12. The device of claim 11, wherein the decider is adapted to decide based on the interchannel time difference, whether one of the left channel signal and the right channel signal of the stereo signal is delayed with regard to the other channel signal, and, if one of the left channel signal or the right channel signal of the stereo signal is delayed with regard to the other channel signal, to post-process the delayed channel signal of the stereo signal using the delayed time envelope of the decoded downmix signal weighted by the respective weighting factor, and to post-process the other not delayed channel signal using the time envelope of the decoded downmix signal weighted by a respective weighting factor.

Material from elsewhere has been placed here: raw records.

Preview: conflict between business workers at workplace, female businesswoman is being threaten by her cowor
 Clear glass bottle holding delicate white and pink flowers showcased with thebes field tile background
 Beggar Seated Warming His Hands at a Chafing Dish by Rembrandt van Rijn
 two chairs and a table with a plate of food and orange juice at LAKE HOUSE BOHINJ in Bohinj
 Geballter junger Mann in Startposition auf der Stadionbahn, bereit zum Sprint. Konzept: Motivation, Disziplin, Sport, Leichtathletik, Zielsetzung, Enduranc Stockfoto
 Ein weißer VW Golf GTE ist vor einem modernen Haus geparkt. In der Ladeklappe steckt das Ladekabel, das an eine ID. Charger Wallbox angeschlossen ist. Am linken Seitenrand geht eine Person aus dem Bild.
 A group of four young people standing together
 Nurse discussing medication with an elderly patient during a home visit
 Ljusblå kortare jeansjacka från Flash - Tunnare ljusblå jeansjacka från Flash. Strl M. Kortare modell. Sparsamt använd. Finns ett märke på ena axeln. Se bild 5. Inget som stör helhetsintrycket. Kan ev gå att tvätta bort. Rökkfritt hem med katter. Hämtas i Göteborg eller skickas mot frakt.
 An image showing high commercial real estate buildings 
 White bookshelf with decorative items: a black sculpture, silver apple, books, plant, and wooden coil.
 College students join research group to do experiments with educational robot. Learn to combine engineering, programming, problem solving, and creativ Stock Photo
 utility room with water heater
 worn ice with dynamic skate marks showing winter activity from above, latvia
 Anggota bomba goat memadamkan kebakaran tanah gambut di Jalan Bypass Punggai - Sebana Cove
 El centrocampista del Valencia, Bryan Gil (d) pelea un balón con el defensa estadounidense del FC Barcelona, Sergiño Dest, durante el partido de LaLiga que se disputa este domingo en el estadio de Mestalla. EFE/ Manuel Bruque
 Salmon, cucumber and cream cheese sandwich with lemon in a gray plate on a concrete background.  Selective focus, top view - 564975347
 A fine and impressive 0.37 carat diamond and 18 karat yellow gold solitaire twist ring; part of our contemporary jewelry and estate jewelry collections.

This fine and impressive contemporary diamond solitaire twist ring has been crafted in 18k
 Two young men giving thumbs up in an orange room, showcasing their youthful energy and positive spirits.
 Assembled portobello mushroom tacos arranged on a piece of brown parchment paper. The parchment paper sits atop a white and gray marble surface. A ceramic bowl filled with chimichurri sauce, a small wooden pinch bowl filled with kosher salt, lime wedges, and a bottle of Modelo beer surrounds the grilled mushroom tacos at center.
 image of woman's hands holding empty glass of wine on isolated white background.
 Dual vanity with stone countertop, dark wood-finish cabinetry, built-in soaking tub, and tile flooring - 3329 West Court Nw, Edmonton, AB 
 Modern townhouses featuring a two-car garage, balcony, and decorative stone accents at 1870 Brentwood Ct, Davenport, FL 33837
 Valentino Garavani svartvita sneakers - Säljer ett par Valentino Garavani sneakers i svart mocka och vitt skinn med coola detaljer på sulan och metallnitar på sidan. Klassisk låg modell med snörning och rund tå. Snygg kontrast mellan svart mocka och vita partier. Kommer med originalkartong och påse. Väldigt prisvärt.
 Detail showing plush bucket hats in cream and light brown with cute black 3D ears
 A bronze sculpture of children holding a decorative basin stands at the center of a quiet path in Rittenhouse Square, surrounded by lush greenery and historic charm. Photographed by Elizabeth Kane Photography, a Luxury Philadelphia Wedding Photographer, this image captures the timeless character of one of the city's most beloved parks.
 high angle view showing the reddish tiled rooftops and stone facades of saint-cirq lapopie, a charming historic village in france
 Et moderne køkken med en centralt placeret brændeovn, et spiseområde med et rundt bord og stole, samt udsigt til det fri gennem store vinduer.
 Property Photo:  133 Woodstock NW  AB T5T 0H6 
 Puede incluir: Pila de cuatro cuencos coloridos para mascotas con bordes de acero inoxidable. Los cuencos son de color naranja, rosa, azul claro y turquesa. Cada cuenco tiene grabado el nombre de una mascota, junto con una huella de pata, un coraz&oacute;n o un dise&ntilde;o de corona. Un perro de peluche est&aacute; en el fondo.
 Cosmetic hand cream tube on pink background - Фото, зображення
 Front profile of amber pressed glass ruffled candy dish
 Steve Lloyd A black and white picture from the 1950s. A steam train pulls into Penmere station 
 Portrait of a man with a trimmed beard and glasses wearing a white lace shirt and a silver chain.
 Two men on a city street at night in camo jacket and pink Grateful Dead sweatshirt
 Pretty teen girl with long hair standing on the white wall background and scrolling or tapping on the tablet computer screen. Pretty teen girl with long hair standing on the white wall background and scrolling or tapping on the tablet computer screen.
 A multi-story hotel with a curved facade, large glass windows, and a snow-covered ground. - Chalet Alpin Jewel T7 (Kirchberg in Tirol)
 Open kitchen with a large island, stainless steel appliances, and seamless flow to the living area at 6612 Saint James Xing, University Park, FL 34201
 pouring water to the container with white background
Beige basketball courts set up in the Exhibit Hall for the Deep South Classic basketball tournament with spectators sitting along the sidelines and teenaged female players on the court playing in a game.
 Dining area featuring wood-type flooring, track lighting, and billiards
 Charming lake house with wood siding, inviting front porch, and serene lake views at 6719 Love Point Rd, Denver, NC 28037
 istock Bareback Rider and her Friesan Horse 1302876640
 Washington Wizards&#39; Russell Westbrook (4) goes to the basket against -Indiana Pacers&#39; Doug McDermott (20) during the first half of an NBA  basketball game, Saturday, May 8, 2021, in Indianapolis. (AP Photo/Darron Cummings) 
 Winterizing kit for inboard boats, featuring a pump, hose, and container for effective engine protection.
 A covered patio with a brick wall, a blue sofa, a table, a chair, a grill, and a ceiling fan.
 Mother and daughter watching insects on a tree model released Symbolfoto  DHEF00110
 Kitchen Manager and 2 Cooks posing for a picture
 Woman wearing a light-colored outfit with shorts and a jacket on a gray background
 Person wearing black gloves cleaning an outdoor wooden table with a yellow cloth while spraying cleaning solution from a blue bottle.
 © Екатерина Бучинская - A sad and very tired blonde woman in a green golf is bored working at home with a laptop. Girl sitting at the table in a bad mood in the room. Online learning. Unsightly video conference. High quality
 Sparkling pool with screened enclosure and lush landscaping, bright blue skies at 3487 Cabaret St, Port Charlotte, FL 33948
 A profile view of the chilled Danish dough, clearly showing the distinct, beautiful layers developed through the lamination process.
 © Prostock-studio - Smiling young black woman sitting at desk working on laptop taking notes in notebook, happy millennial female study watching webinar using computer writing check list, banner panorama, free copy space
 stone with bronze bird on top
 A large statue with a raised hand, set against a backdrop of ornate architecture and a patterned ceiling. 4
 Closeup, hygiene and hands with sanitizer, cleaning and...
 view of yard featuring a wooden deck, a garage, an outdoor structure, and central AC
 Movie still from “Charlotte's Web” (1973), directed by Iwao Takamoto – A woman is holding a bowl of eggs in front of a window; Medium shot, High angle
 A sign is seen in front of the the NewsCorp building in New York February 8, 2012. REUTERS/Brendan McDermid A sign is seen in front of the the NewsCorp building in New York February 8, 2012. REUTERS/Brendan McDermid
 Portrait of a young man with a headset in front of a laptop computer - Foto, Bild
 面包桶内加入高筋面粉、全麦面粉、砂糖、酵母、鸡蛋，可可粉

13. A method for post-processing at least one of a left or a right channel signal of a stereo signal, the left and the right channel signal generated from a decoded downmix signal by a low-bit-rate coding/decoding system, the method comprising:

receiving the left channel signal and the right channel signal generated from the decoded downmix signal, a time envelope of the decoded downmix signal, an interchannel time difference between the left channel signal and the right channel signal of the stereo signal and a classification indication indicating a transient type of the downmix signal or of the stereo signal;

deciding dependent on the classification indication indicating a transient type of the downmix signal and on a further classification indication indicating a transient type of the stereo signal, which one or ones of the channel signals are post-processed, and deciding dependent on the interchannel time difference, whether the left or right channel signal is post-processed by a delayed time envelope of the downmix signal weighted by a respective weighting factor; and

post-processing at least one of the left or right channel signals based on the time envelope of the decoded downmix signal weighted by the respective weighting factor and in dependence on the interchannel time difference and on the classification indication, wherein the respective weighting factor depends on a received channel level difference, CLD, of the left and the right channel of the stereo signal.